Pozitif ayrımcı temelde kurulan Yönetmelik ve suç-ceza denklemimizde, cezaların dönüştürme hedefi ve bazı suç türleri dışında geri dönüşü kapatan yaptırımların yahut tümden ilişki kesme, ortamdan tecrit etme türünde yaptırımların uygulanmayışı kadın aklının gerilimli olduğu konudur. Erkeğin dönüşümü tartışmasının kabaca ele alınışı ve erkek egemenliğini sadece ideolojik mücadeleye indirgeyerek yumuşatan yaklaşımlar bu gerilimin kaynağı oluyor. Kadın devrimi programımız, bu programın erkek komüniste yüklediği görev ve bu temelde kadın örgütümüzün işlev ve misyonu, kadın özgürlükçü çizgimiz komünist erkeğin dönüşümü için gereken teorik, politik, ideolojik ve örgütsel zemini sunuyor. Bu zemin toplumsal devrim için savaşan erkek komünist için, kadın kitlelerini kazanma, savaşım cephesini genişletme, yeni yaşamın yeni insanı olarak erkek cinsini inşa etme mücadelesinde erkeklik ve erkek egemenliğini yıkmanın tüm olanaklarına sahiptir. Hal böyleyken erkekleri, erkekliğin ürünü bir suç sahasında sorunlaştırırken, dönüşümün zor kanalından ilerlemeyi tercih ediyoruz. Erkekliğin potansiyel suçlarını tariflemek, bunlar karşısında ceza yoluyla ilerlemenin temel hedefi kadını korumak ve erkek için caydırıcılıktır. Erkek egemenliğinin bu yolla daraltılmasıdır. Caydırıcı yaptırım ve alan daraltma pratiği, kadın örgütünün ve kadın özgürlükçü ilkelerin iradi biçimde işleyeceği bir süreç yönetimi ile ele alınırsa erkek-erkeklik bu yolla da dönüşüme tabi tutulacaktır kuşkusuz.
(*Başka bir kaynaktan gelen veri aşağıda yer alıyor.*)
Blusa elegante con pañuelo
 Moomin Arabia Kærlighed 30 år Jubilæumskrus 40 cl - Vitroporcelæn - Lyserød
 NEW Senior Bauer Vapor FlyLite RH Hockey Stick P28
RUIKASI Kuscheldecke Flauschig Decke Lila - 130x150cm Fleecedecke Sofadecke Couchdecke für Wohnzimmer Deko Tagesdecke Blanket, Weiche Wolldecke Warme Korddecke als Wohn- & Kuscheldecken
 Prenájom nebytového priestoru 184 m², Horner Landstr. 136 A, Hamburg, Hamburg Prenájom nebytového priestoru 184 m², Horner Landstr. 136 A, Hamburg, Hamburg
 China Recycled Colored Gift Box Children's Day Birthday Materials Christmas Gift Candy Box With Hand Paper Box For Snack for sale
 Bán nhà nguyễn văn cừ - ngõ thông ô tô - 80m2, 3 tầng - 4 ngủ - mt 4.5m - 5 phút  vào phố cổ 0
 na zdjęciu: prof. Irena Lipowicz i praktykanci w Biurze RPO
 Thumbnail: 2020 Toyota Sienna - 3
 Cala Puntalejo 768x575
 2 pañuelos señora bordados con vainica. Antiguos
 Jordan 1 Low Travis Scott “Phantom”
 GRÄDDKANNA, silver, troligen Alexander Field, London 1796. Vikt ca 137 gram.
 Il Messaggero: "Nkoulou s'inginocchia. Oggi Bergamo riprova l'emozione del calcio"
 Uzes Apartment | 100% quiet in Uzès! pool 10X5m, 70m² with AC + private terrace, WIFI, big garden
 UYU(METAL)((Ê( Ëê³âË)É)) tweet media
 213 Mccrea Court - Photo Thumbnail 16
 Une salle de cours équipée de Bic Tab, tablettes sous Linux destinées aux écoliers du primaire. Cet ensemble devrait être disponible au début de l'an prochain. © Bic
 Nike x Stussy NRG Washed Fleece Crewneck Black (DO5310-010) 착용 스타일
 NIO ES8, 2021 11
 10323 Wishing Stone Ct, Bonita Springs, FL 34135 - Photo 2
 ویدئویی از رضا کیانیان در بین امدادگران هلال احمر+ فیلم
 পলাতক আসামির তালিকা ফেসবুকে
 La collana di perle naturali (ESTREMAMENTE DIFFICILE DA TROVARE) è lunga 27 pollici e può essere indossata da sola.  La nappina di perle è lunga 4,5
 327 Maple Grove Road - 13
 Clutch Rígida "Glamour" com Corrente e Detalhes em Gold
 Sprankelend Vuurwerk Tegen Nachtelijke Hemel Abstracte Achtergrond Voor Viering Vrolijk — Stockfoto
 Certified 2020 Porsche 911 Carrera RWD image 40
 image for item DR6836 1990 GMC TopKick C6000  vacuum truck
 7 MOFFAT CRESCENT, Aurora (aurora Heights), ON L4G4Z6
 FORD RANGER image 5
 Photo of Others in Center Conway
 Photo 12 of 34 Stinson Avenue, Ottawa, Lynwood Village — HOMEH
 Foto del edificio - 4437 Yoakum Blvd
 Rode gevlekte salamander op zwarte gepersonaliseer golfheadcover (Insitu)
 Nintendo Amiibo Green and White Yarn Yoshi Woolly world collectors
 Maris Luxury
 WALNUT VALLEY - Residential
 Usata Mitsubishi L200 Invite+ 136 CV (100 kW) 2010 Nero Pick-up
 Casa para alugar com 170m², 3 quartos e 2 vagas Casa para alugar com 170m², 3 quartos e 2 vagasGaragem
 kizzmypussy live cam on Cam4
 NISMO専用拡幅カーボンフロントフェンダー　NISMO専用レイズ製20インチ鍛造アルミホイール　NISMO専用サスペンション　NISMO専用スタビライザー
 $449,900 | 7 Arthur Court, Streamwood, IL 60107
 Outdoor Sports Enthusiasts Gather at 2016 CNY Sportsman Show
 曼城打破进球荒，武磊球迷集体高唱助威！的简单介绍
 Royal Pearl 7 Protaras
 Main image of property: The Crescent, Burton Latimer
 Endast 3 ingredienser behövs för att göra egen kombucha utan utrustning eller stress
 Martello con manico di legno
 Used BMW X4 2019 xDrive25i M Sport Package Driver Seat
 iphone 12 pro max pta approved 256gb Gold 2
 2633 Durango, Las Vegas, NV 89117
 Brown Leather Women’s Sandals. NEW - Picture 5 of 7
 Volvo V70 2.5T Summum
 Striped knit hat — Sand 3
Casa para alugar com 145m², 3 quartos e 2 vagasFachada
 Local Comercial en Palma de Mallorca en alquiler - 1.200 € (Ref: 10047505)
Cinsel suçlar tarifimiz ve cinsel suçlarla mücadele anlayışımız, erkek egemenliğinin somut-maddi öznesi olarak erkeği sorunlaştırır, ezileni olarak kadını korur. Bu aynı zamanda parti içerisinde, erkek ve kadın cinsi arasındaki ilişkilerde erkek egemenliğinin alanını daraltmak suretiyle partiyi erkek gericiliğinden, erkek egemenliğinden korumayı da amaçlar. Yani mesele hem ‘kadının itibarı’dır, hem de kadınlar olarak kadın özgürlükçü programa kazanma görüş açısı ile eşit ve eşgüdümlü biçimde varlığımızı, pratiğimizi koyduğumuz partinin, ‘örgütün itibarı’dır.
Komünist Kadınlar Konuya “Cinsler Üstü” mü Yoksa “Cins Körü” mü Bakıyor?
Kadın özgürlük hareketinin değişik politik özneleri ve feminist akımlarda, karma yapılarda kadın ve erkek cinsinin her türlü çelişkisi ve erkek egemenliği ile mücadelede uzlaşmacı bir tutum ve pratiğin olduğu fikri zuhur ediyor. Bu uzlaşmacı tutumun kadından çok örgütü korumakla ilgili geliştiği öne sürülüyor. Komünist kadınların parti içerisinde erkek egemenliğinin her türlü görüngüsü ile mücadelesindeki kimi yetmezliklerinin, yer yer zayıflıklarının nedenleri de, kadın özgürlüğünün parti örgütlenmesi içerisinde kazanılamayacağı görüşüyle açıklanıyor. Hatta neredeyse karma yapı içerisindeki kadınların akılları, pratikleri, iradeleri de ‘erkek haller’ kablinden ele alınıyor, eleştirinin ölçüsü iyiden iyiye kaçırılıyor.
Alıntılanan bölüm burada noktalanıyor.